The future in your genes
Would be parents are opting for cystic fibrosis (CF) carrier screening tests to assess the chances of having a baby suffering with CF, a life-shortening genetic disorder with no cure.
A new study has assessed the attitudes of expectant or would be Victorian parents to carrier screening for CF, and found that most believe the service should be publicly available to all those who wish to access it.
Screening is currently only available in Victoria's private sector via the Victorian Clinical Genetics Services (VCGS) and costs more than $200 per test.
Dr Liane Ioannou, from Monash University's Department of Medicine, said few women and couples planning a pregnancy are routinely made aware of the availability of carrier screening for CF by their private obstetricians, midwives or general practitioners.
"An alarming fact that many people may not be aware of is that there doesn't have to be a family history for someone to be a carrier of CF. In fact, more than 95 per cent of all carriers don't have a family history," Dr Ioannou said.
"I assessed the attitudes and opinions of people who accepted an offer of screening, declined an offer of screening, and those in the public health care system who were not offered CF carrier screening.
"The general consensus was that carrier screening for CF should be should be made available to all those who wish to access it, and at no charge.
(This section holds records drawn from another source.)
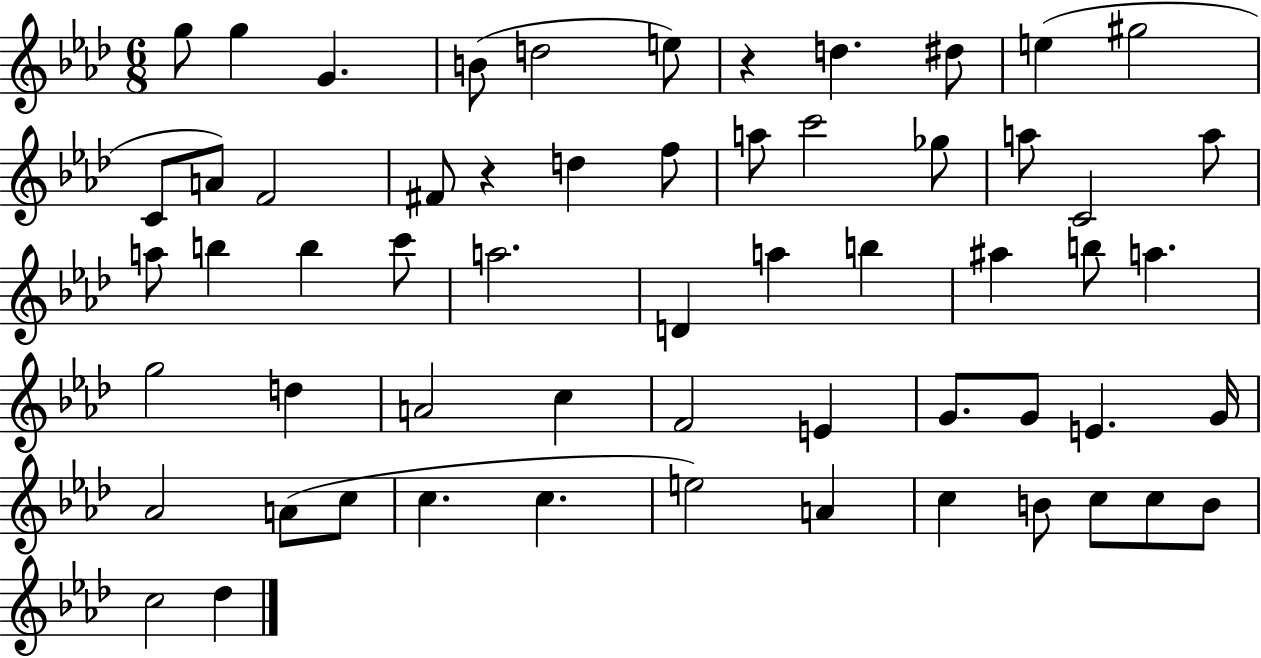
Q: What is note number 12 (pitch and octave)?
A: A4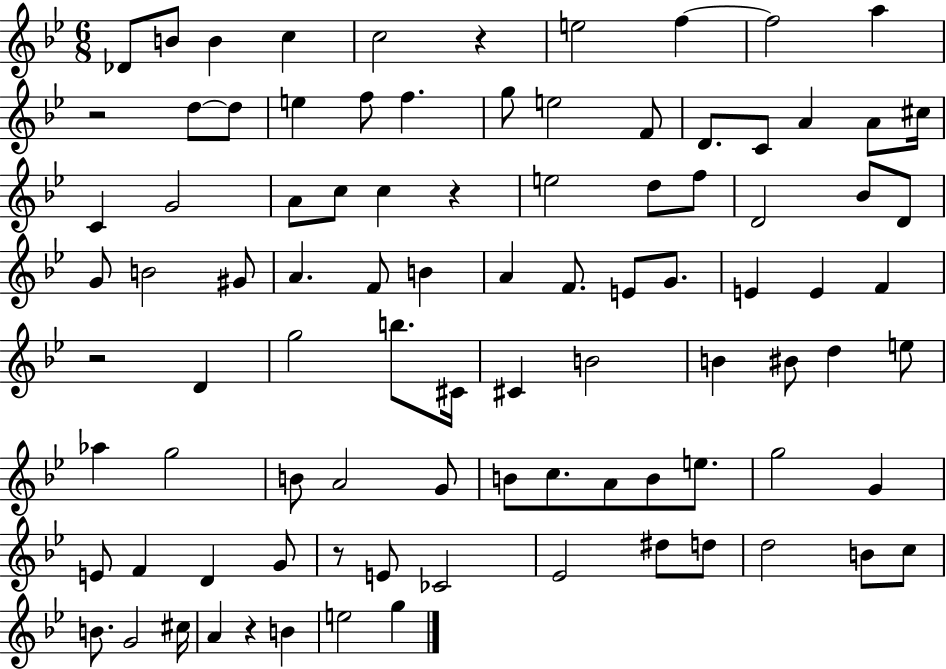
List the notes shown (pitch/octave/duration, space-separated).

Db4/e B4/e B4/q C5/q C5/h R/q E5/h F5/q F5/h A5/q R/h D5/e D5/e E5/q F5/e F5/q. G5/e E5/h F4/e D4/e. C4/e A4/q A4/e C#5/s C4/q G4/h A4/e C5/e C5/q R/q E5/h D5/e F5/e D4/h Bb4/e D4/e G4/e B4/h G#4/e A4/q. F4/e B4/q A4/q F4/e. E4/e G4/e. E4/q E4/q F4/q R/h D4/q G5/h B5/e. C#4/s C#4/q B4/h B4/q BIS4/e D5/q E5/e Ab5/q G5/h B4/e A4/h G4/e B4/e C5/e. A4/e B4/e E5/e. G5/h G4/q E4/e F4/q D4/q G4/e R/e E4/e CES4/h Eb4/h D#5/e D5/e D5/h B4/e C5/e B4/e. G4/h C#5/s A4/q R/q B4/q E5/h G5/q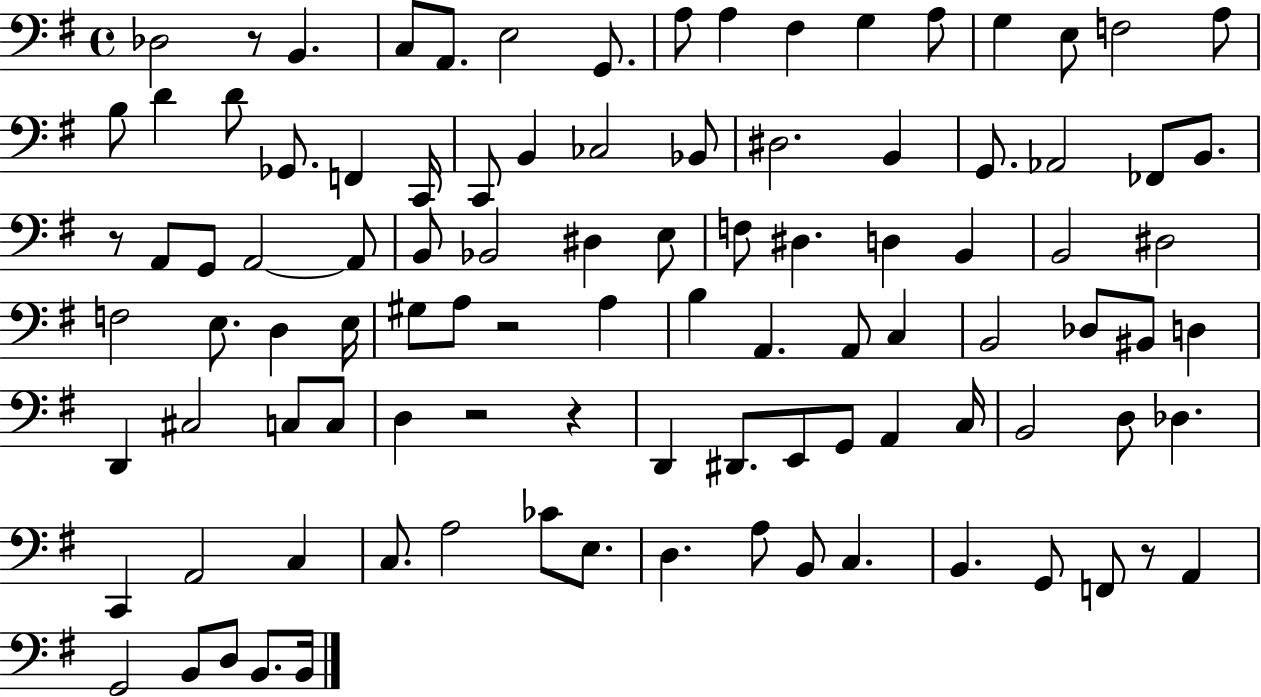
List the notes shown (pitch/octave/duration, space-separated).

Db3/h R/e B2/q. C3/e A2/e. E3/h G2/e. A3/e A3/q F#3/q G3/q A3/e G3/q E3/e F3/h A3/e B3/e D4/q D4/e Gb2/e. F2/q C2/s C2/e B2/q CES3/h Bb2/e D#3/h. B2/q G2/e. Ab2/h FES2/e B2/e. R/e A2/e G2/e A2/h A2/e B2/e Bb2/h D#3/q E3/e F3/e D#3/q. D3/q B2/q B2/h D#3/h F3/h E3/e. D3/q E3/s G#3/e A3/e R/h A3/q B3/q A2/q. A2/e C3/q B2/h Db3/e BIS2/e D3/q D2/q C#3/h C3/e C3/e D3/q R/h R/q D2/q D#2/e. E2/e G2/e A2/q C3/s B2/h D3/e Db3/q. C2/q A2/h C3/q C3/e. A3/h CES4/e E3/e. D3/q. A3/e B2/e C3/q. B2/q. G2/e F2/e R/e A2/q G2/h B2/e D3/e B2/e. B2/s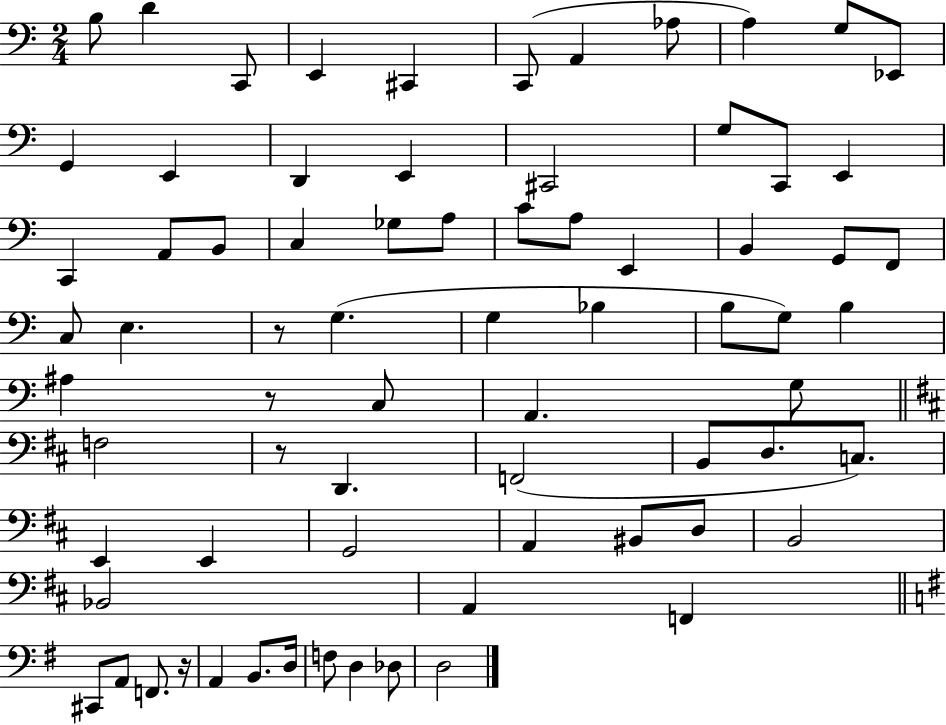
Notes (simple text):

B3/e D4/q C2/e E2/q C#2/q C2/e A2/q Ab3/e A3/q G3/e Eb2/e G2/q E2/q D2/q E2/q C#2/h G3/e C2/e E2/q C2/q A2/e B2/e C3/q Gb3/e A3/e C4/e A3/e E2/q B2/q G2/e F2/e C3/e E3/q. R/e G3/q. G3/q Bb3/q B3/e G3/e B3/q A#3/q R/e C3/e A2/q. G3/e F3/h R/e D2/q. F2/h B2/e D3/e. C3/e. E2/q E2/q G2/h A2/q BIS2/e D3/e B2/h Bb2/h A2/q F2/q C#2/e A2/e F2/e. R/s A2/q B2/e. D3/s F3/e D3/q Db3/e D3/h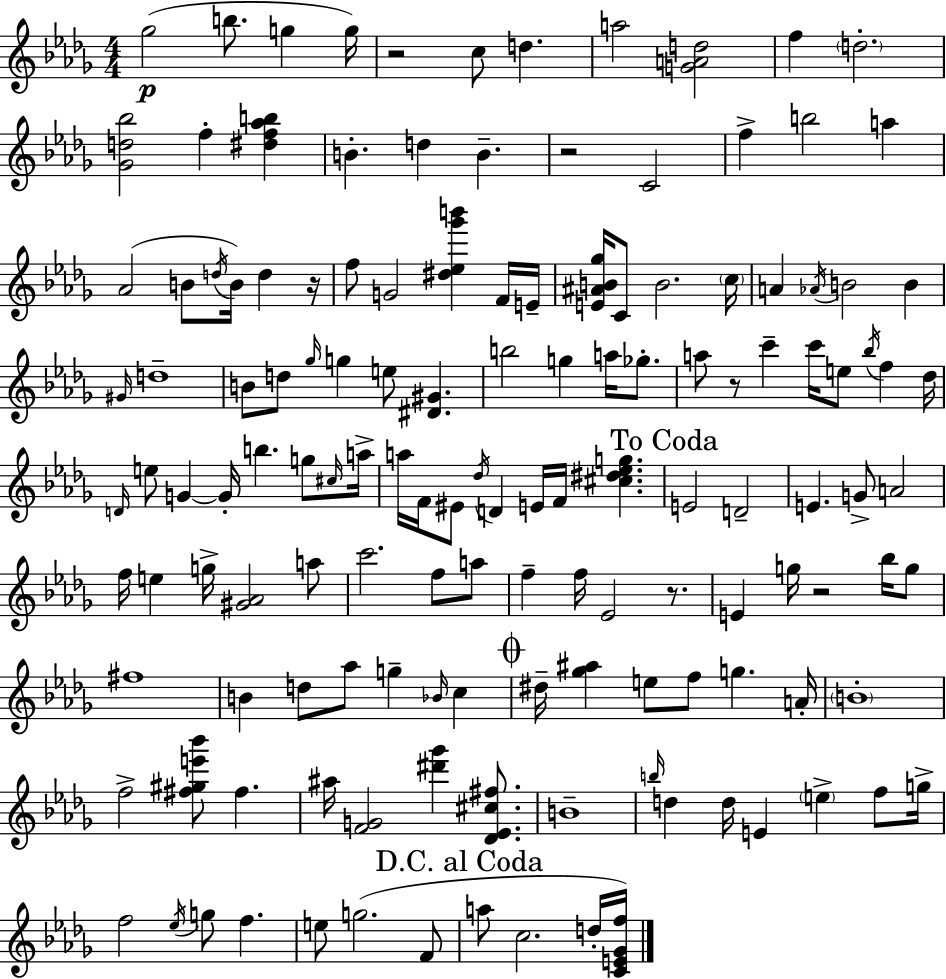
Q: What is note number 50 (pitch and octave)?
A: F5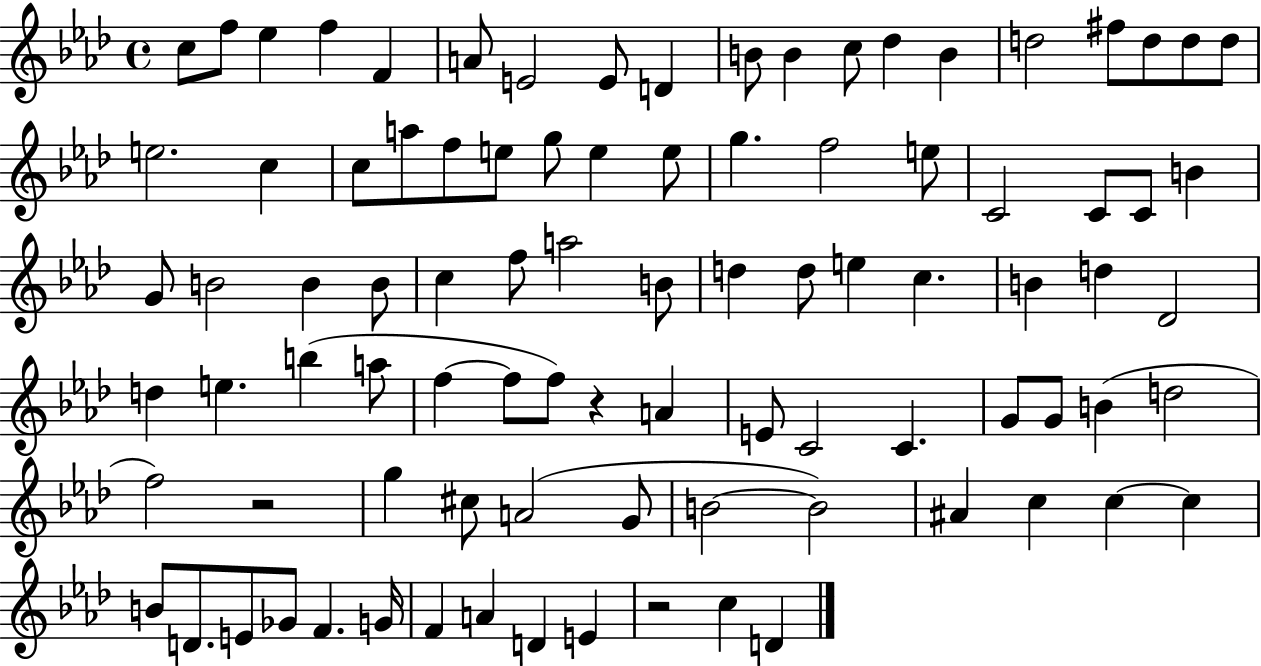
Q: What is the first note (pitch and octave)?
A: C5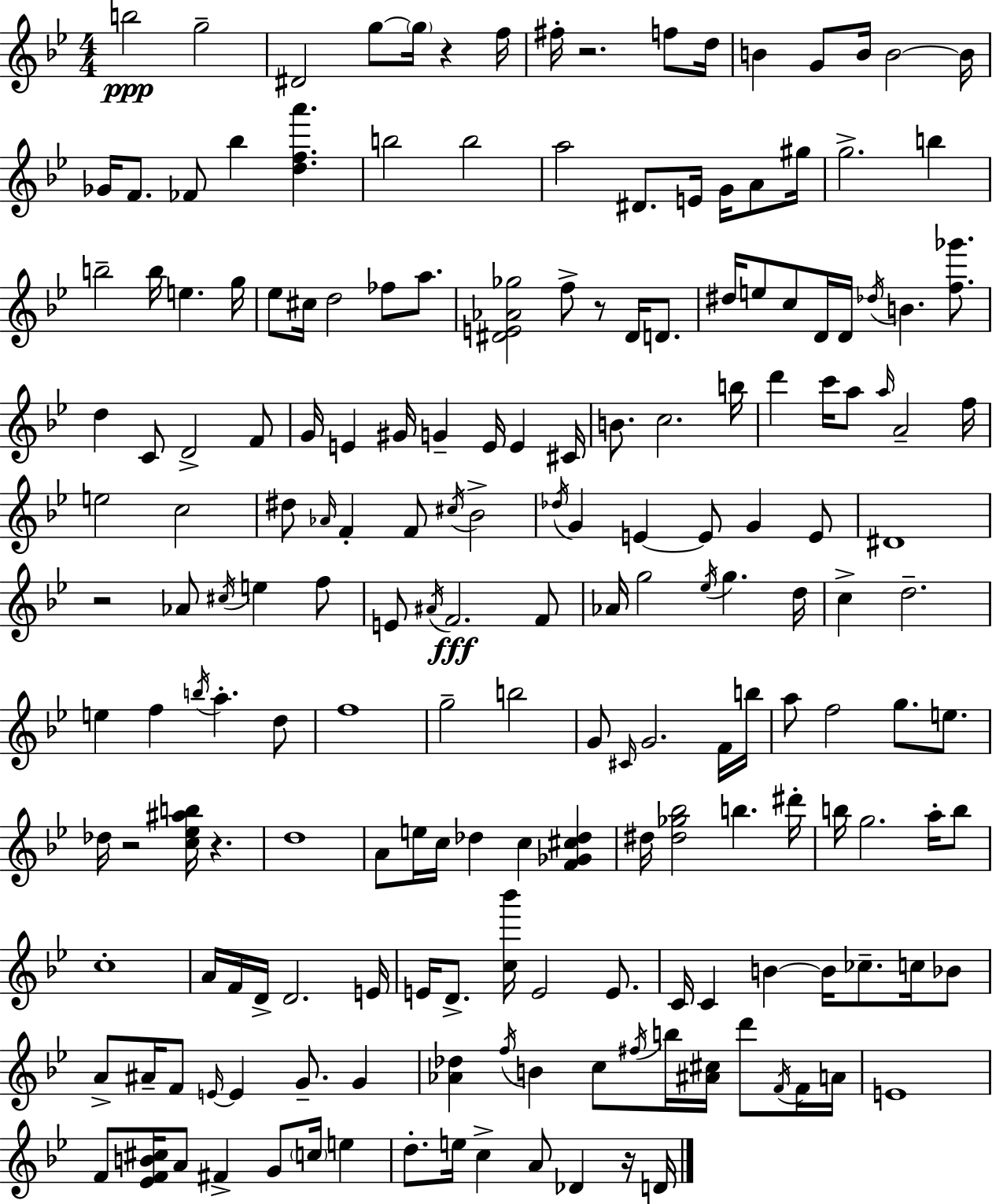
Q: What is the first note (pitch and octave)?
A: B5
These results are in line with recommendations of the Human Genetic Society of Australia, stating all pregnant women and couples planning a pregnancy should be made aware of the availability of carrier screening for CF."
Dr Ioannou said there were barriers explaining why carrier screening for CF was not offered routinely in both the private and public health care system.
"If CF carrier screening was made publicly available, it may help to overcome some of the barriers to access which include a lack of knowledge of the illness among the public and health practitioners as well as funding and affordability," Dr Ioannou said.
CF is the most common life threatening genetic disorder in Australia where a baby is born with the condition every four days. The child suffers serious lung and digestive problems - they don't manufacture a vital protein.